Bereits seit mehr als 20 Jahren beschäftige ich mich intensiv mit den Folgen kolonialer Geschichte für die ursprünglichen Bewohner Australiens – damals und heute. Es ist eine Geschichte von Unterdrückung, Enteignung, Kinderraub und Diskriminierung, aber auch von Widerstand, uralter Weisheit und einer Kultur, deren Ursprung mehr als 60.000 Jahre zurückreicht. Als ich gefragt wurde, ein Essay des international renommierten Kamilaroi, Kooma, Jiman und Gurang Gurang Künstlers und Aktivisten Richard Bell aus dem Englischen ins Niederländische zu übersetzen, fühlte ich mich sehr geehrt.
Aktivist maskiert als Künstler
Bell hat lange gesagt, er sei „ein Aktivist maskiert als Künstler“. Er nutze die Kunst als Bühne für politische Botschaften. Anders als die meisten Aboriginal Künstler, deren Werke in Europa gezeigt werden, ist er kein Vertreter traditioneller Aboriginal Art. Sein Werk wird der zeitgenössischen Kunst zugeordnet, bekommt aber nicht die entsprechende Aufmerksamkeit. Die bis heute von weißen Künstler:innen dominierte Welt der zeitgenössischen Kunst hegt noch immer Vorurteile gegen Urban Aboriginal Art. Die hat – aufgrund sozialer und ökonomischer Benachteiligung von Aboriginal People – einen oftmals aktivistischen Charakter. Sie ruft unangenehme Fragen auf, die die dominanten Narrative der westlichen Kunst anzweifeln.

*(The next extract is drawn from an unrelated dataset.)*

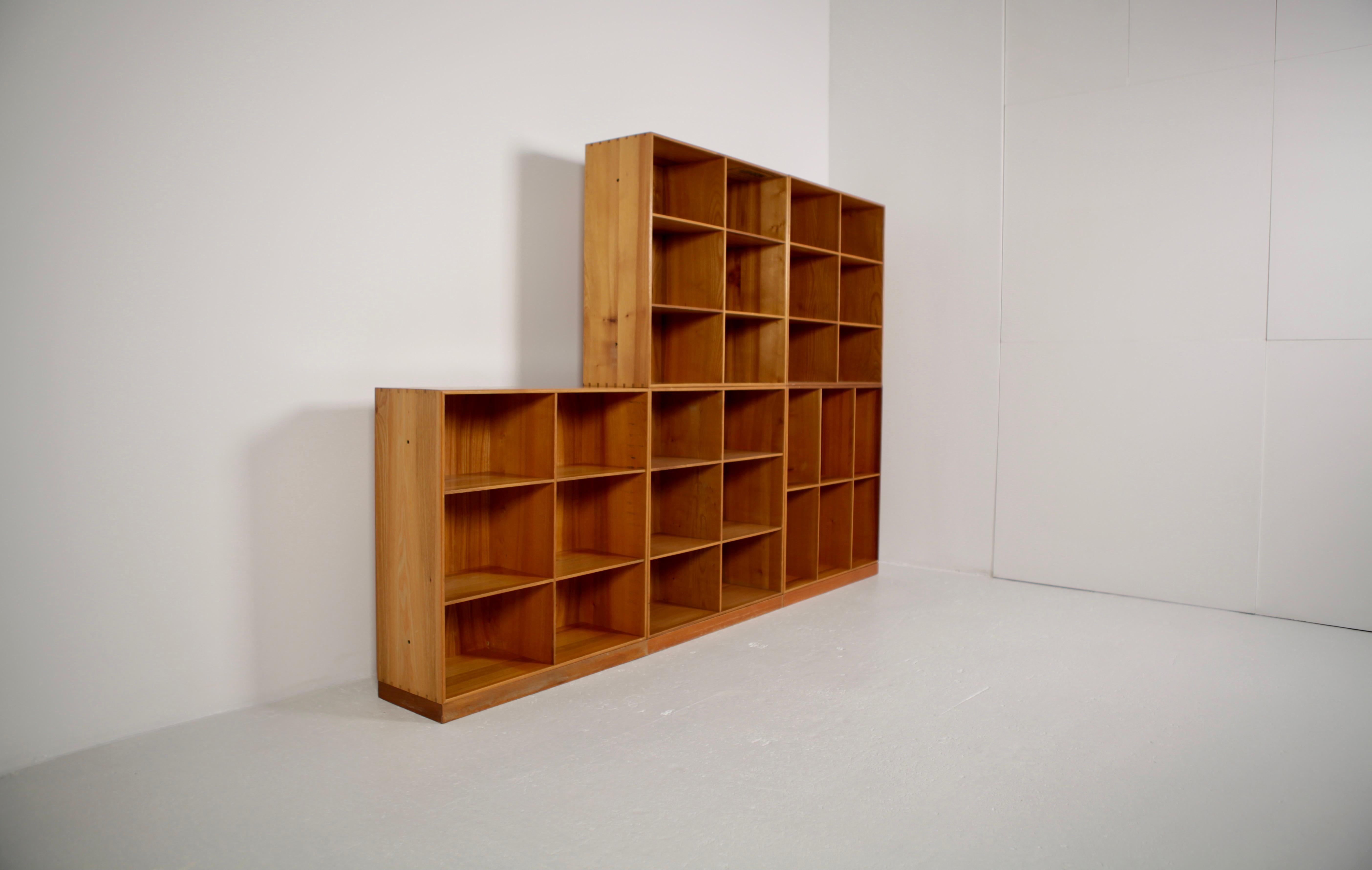 Mogens Koch, Set of 5 of Bookcases in Elmwood, Rud. Rasmussen, Denmark, 1940s In Good Condition In Berlin, DE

Traditionelle Aboriginal Kunst macht das mit seinem Reichtum an Spiritualität und jahrtausenderalter Weisheit auch. Sie wird aber entpolitisiert, weil Museen in Europa nicht dem Progressiven hinter dieser Kunst, sondern dem Ästhetischen Nachdruck verleihen. Wenn als Konsequenz ausschließlich diese Kunst als Aboriginal Kunst präsentiert wird, dann ist das laut Bell die einzige Aboriginal Kunst, für die sich Besucher und Zuschauer interessieren. Er spricht in diesem Zusammenhang von einer „Neo-ethnografischen Erfahrung“.
Bell’s Theorem
Richard Bell thematisierte die westliche Dominanz über die zeitgenössische Kunstproduktion erstmalig 2002 im Manifest „Bell’s Theorem. Aboriginal Art, It’s a White Thing“. Kurz vor der 15. Documenta 2022, bei der Bell mit einer großen Ausstellung im Fridericianum vertreten war, beendete er den zweiten Teil des Manifests. Der Titel lautet „Bell’s Theorem (Reductio ad Infinitum), Contemporary Art, It’s a White Thing“. Es war mir eine Freude und Ehre, dass ich für die Übersetzung dieses Dokuments angefragt wurde.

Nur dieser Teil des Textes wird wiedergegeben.